Chapter 2018-158 takes the next step in the devolution of the DRI process by removing most state and regional involvement in DRI amendments and cleaning up some of the remnant language in statute. The legislation is lengthy and cannot be fully summarized here; however, key provisions include:
- Amendments to DRI Development Orders. Revises process for DRI DO amendments by eliminating statutory language on “substantial deviations” and “notices of proposed change.” The criteria for reviewing DRI amendments was a convoluted, esoteric set of rules which originally had limited the types of changes which could be made to a DRI without triggering a new review of the entire development, but which had evolved to the point where it was very flexible but confusing to implement. Notwithstanding any provision to the contrary in any DO, agreement, local comprehensive plan or local land development regulation, DO amendments will now be reviewed by the local government based on the standards and procedures of the applicable comprehensive plan and land development regulations. Any new conditions may only address the impacts created by the proposed change. The legislation provides additional criteria regarding such changes.
- Reporting. Removes requirement for annual or biennial reporting, “[n]otwithstanding any condition in a development order unless required to do so by the local government that has jurisdiction over the development.” Consult with your attorney and local government about how this provision should be interpreted.
- Abandonment of DRIs. Requires that the local government having jurisdiction abandon the DO for an existing DRI upon request by the owner, developer or local government and a showing that all required mitigation related to the amount of development existing at the time of abandonment has been completed or will be completed under an enforceable permit or authorization (as has been done for DRI rescissions). If the local government with jurisdiction proposes the abandonment, it must ensure that individual written notice is provided to each DRI owner and developer and no such owner or developer objects in writing before or at the public hearing on the abandonment.

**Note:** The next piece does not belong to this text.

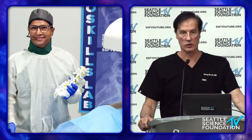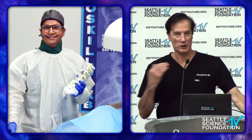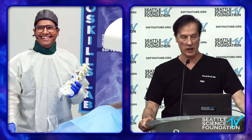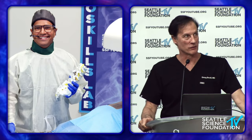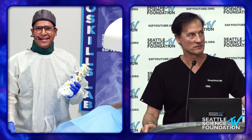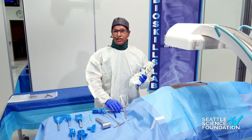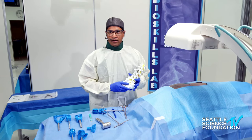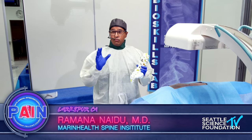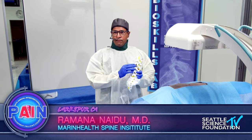We're going to transition over to the lab now. Dr. Naidu is going to be discussing the Vertiflex interspinous decompression spacer. Thanks Doug, and thank you for giving us a great lecture on the radiological confirmation of lumbar spinal stenosis. So real quickly, the purpose of the Vertiflex spacer is to be an extension blocker.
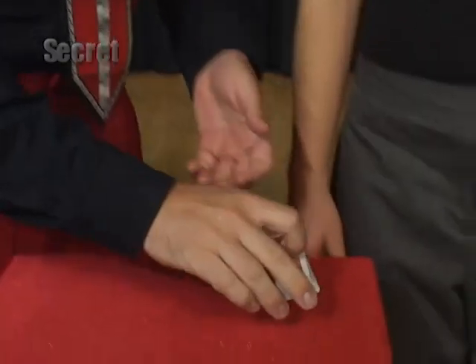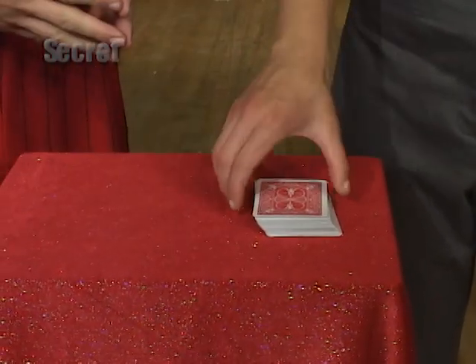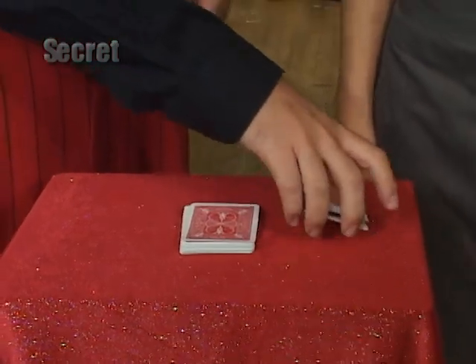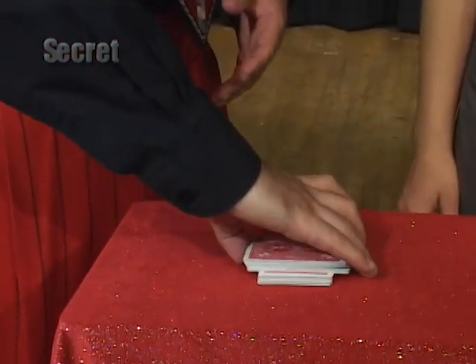And here's how you do it. You place the card you want to force on the bottom of the deck — I'm using the four of diamonds. All the other cards are just ordinary cards. I place the cards on the table and I ask April to cut the cards. Doesn't matter if she does a big cut or a little cut, because what I'm going to do is take the bottom half, the one with the four of diamonds, and crisscross it.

- DRI Thresholds. Retains statewide guidelines and standards for DRI review, which will be used to determine which projects are subject to the state coordinated comprehensive plan review process (s. 163.3184 (4), F.S) if the proposed project is not already consistent with the comprehensive plan, such as if the future land use designation of the subject property is less intense.
- Aggregation of Multiple Developments. Deletes criteria for aggregation of adjacent properties for the purpose of determining whether a project meets thresholds for DRI review.
- Continued DRI Exemptions. Continues to exempt certain types of projects and geographic areas from any DRI-related requirements, including exemptions for Dense Urban Land Areas (DULAs). These exemptions were moved to Section 380.0651, F.S.
- “Florida Quality Development” Program. Repeals the Florida Quality Development (FQD) program and requires that local governments adopt local DOs to replace the ones previously issued by the state.
- Vested Rights. Preserves existing non-expired DRI letters, DOs, agreements and vested rights, including, but not limited to binding letters, essentially built out determinations, previously granted extensions, agreements to reimburse developers for contributions in excess of proportionate share and credits owed to developers pursuant to DO exactions. Also, with limited exceptions, prohibits local governments from amending DOs to advance the previously approved date at which a DRI can be downzoned or have its density or intensity reduced.
- DRI Rules. Repeals the uniform DRI review rules and FQD rules in Chapter 73C-40, as well as Administration Commission rules on DRI aggregation.
- Appeals of DRI Development Orders. Except in Areas of Critical State Concern, removes the Florida Land and Water Adjudicatory Commission role from the DRI process, except for appeals by the owner or developer from local government decisions regarding abandonment of a DRI.
Developers of DRI-level projects should be aware of how the DRI changes may affect their projects and be prepared to provide reviewing staff with information and input regarding the new processes and requirements. In addition, it is likely questions will arise regarding implementation of the legislation, which may require discussions with local, regional and state agencies.